__Data shown__
== Segment start ==

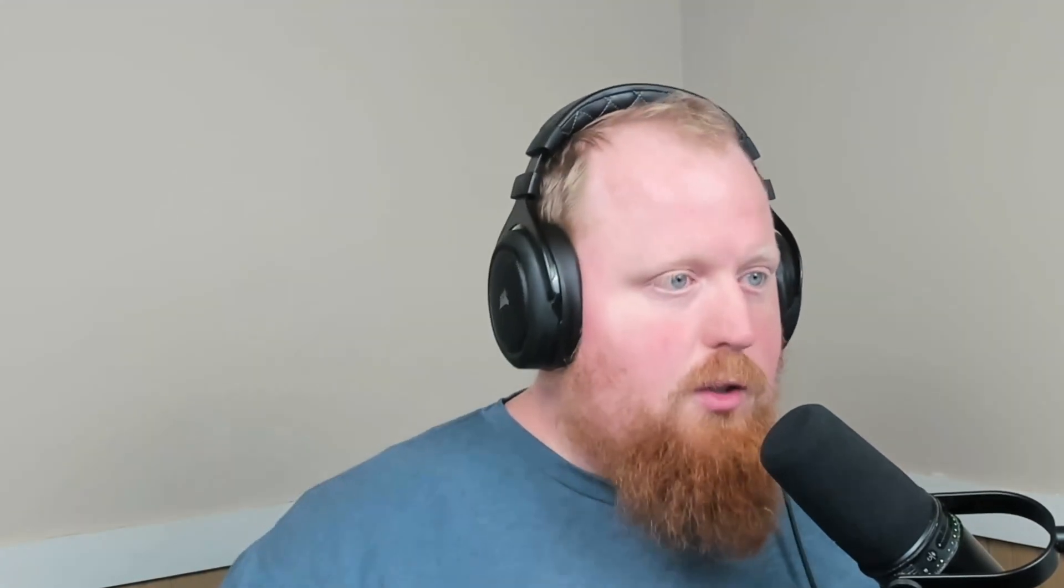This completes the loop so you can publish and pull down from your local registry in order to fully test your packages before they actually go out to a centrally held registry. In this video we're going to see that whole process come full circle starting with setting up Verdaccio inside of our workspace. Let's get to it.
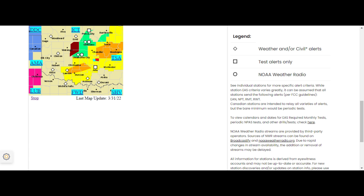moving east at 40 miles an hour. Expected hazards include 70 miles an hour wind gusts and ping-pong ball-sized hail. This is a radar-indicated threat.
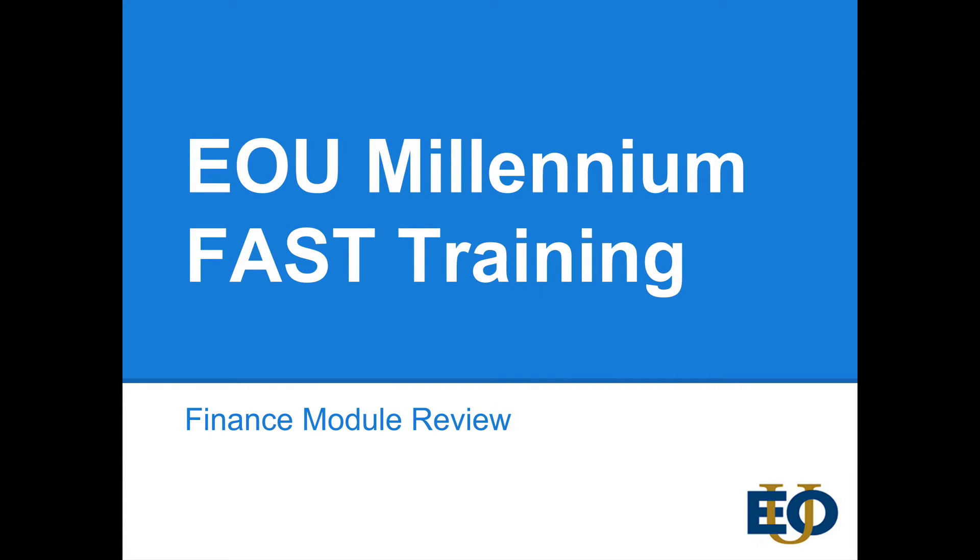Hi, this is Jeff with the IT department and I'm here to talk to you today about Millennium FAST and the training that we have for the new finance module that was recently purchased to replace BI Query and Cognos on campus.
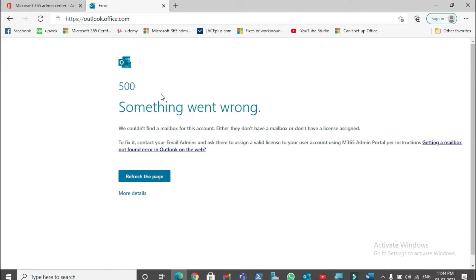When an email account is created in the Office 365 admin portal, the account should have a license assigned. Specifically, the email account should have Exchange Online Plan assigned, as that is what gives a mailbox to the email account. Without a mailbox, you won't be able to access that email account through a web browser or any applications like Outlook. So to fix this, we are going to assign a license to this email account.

== Segment end ==

__What to do__
Restate the data word for word while omitting each picture.

__Answer to this task__
This completes the loop so you can publish and pull down from your local registry in order to fully test your packages before they actually go out to a centrally held registry. In this video we're going to see that whole process come full circle starting with setting up Verdaccio inside of our workspace. Let's get to it.
moving east at 40 miles an hour. Expected hazards include 70 miles an hour wind gusts and ping-pong ball-sized hail. This is a radar-indicated threat.
Hi, this is Jeff with the IT department and I'm here to talk to you today about Millennium FAST and the training that we have for the new finance module that was recently purchased to replace BI Query and Cognos on campus.
When an email account is created in the Office 365 admin portal, the account should have a license assigned. Specifically, the email account should have Exchange Online Plan assigned, as that is what gives a mailbox to the email account. Without a mailbox, you won't be able to access that email account through a web browser or any applications like Outlook. So to fix this, we are going to assign a license to this email account.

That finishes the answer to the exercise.